Огни над Деснянкой - страница 44
Действительность же такова, что отчаиваться, опускать руки, тем более, поднимать их кверху перед такой бедой – уж точно не является целью. Ясно одно: надо сражаться! Другого пути Кузьма не видит, не находит. Другое и на ум-то не идёт! Они – солдаты! Он ещё и сам толком не знает, как оно всё будет, но то, что надо сражаться, биться не на жизнь, а на смерть, – ясно, как божий день. Наконец, есть воинский устав, есть присяга, которую они принимали, клялись своему народу, своей Родине защищать их, не жалея собственных сил и жизней. А вот теперь этот час настал. Наступило время не на словах, а на деле доказать свою преданность и любовь к Родине, верность воинскому долгу, военной присяге. Их никто не отменял. И если в армии не знаешь, что делать, делай то, что велит устав, должностные обязанности, присяга. Эти документы подскажут тебе выход из любой, даже самой запутанной и смертельной ситуации.
– Вот что, товарищи солдаты, – голос Кузьмы соответствовал обстановке, внутреннему накалу, душевному состоянию, был строг, твёрд, напорист. Это был тон командира, уверенного в собственной правоте и в своих солдатах, в беспрекословном подчинении, исполнении его требований и приказов подчинёнными.
– Я не знаю, как и при каких обстоятельствах попали в плен вот эти красноармейцы, – кивнул в сторону шоссе, по которому всё ещё шла колонна пленных. – И не могу судить или упрекать их. Я знаю твёрдо одно: на мою страну, на мою Родину напал враг. И мой долг, моя святая обязанность, дело моей жизни – бороться с этим врагом, уничтожать его везде, где только возможно, рвать на куски, но изгнать с родной земли. И мы будем драться!
Кузьма слегка побледнел, крылья носа подрагивали от негодования, от нахлынувших чувств голос младшего сержанта чуть-чуть дрожал. Но в глазах, в выражении лица, в тоне, каким он говорил, было столько силы и уверенности, что подчинённые подобрались вдруг, приосанились, подтянулись, выстроившись перед командиром. Его уверенность тут же передалась и им. С застывшей на лицах решимостью внимали они слова командира, готовые идти за ним хоть в бой, хоть на смерть. Они не походили сейчас на несчастную группку людей, случайно попавших в беду и не знавших, как из неё выпутаться. Это было маленькое воинское подразделение, где каждый знал свою роль и своё место не только в строю, но и в бою, как твёрдо знали они свои обязанности ещё совсем недавно, находясь в танке.

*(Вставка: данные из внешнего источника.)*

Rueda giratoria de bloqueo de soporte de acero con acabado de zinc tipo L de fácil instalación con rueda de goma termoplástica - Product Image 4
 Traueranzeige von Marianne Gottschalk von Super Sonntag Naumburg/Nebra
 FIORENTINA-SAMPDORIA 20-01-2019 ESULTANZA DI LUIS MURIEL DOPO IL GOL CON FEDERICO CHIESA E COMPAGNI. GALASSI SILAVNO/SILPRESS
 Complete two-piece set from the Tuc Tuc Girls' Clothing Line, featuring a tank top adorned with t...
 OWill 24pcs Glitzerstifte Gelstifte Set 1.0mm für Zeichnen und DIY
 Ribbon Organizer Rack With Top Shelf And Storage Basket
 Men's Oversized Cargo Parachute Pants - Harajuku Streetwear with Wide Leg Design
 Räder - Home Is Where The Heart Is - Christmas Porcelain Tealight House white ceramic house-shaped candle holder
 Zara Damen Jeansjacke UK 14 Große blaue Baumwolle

– Сейчас идём на восток, будем догонять любую воинскую часть. Пристанем к ней, встанем на котловое довольствие, довооружимся и – в бой! Только так и никак иначе! Вам ясно?
– Так точно! – прозвучало на опушке леса приглушенно, но слаженно, уверенно, так, как и подобает в армии.
– В таком случае: нале-во! На восток шагом – марш!
Шли быстро, стараясь особо не шуметь, чутко вслушиваясь в лесную тишину. Впереди шёл Агафон
– Командир, не обижайся, но леса в Белоруссии не особо-то отличаются от наших, сибирских. А это для меня – дом родной. Тут уж я поведу вас.
– Ты бы, лесная душа, поискал что-нибудь съестное, – Андрей Суздальцев догнал Агафона, пристроился к его спорому шагу.
– Могу, – не останавливаясь, ответил Куцый. – Вон их сколько летает, ползает, бегает, скачет. Лови любое и приятного аппетита.
– Нет уж, спасибо. Особенно за тех, что скачет и ползает. Я лучше бы к дороге поближе да у тех, кто едет, отобрал, заставил поделиться.